Copy the line and points to a different location.
Rotate the line to a due east-west direction.
Then export those points and reimport them with the eastings left alone and swap the elevation into the northings column. Put a constant arbitrary value in the northings column.
This should get a line that looks like a profile, but in the plan view and the total length of the line is the length you are after.
In effect you have rotated the line 90 degrees along the east-west axis.
I'm sure that there is a proper command to give you the data you are after but this will get you out of trouble in the short term.
Seb,
See my comment to 'Eddy'.
I like your work around, but GC10.tml is a bit simpler.
Regards,
Jerry
I had thought about that, but there are a bunch of lines so it would be quite a chore.
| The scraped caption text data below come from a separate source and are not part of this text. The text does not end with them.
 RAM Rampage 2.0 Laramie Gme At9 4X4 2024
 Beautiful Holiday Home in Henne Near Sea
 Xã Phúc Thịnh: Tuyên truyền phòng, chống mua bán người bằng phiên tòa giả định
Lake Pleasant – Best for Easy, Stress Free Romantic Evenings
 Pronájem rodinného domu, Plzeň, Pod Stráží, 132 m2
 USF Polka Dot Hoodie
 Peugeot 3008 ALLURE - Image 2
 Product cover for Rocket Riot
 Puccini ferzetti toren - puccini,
Gonna take Jerry up on his offer.
Sorry Jerry, I wasn't aware that you guys operated in the US market. Those GC commands have (and continue to be) been a fantastic help to us.
Cheers Seb
Seb,
Does this mean you have seen or used them before?
Jerry
I looked at TBC, but from the demo I got there were several things it wouldn't do that Terramodel will, especially in creating complicated MC models. They were really pushing the feature of building models from plan cross sections, but I have yet to see a set of plan cross sections that were either correct enough, or detailed enough, to actually build a road by. Didn't look very Surveyor friendly at all for boundary work.
All I needed on the alignment thing was some coordinates to create the cross street centerlines. JP wouldn't give them to me, RM never did grasp what I needed, Angie tried but we couldn't open the files, finally got put in touch with somebody at JJR that may have understood it, supposed to try to get me something Monday.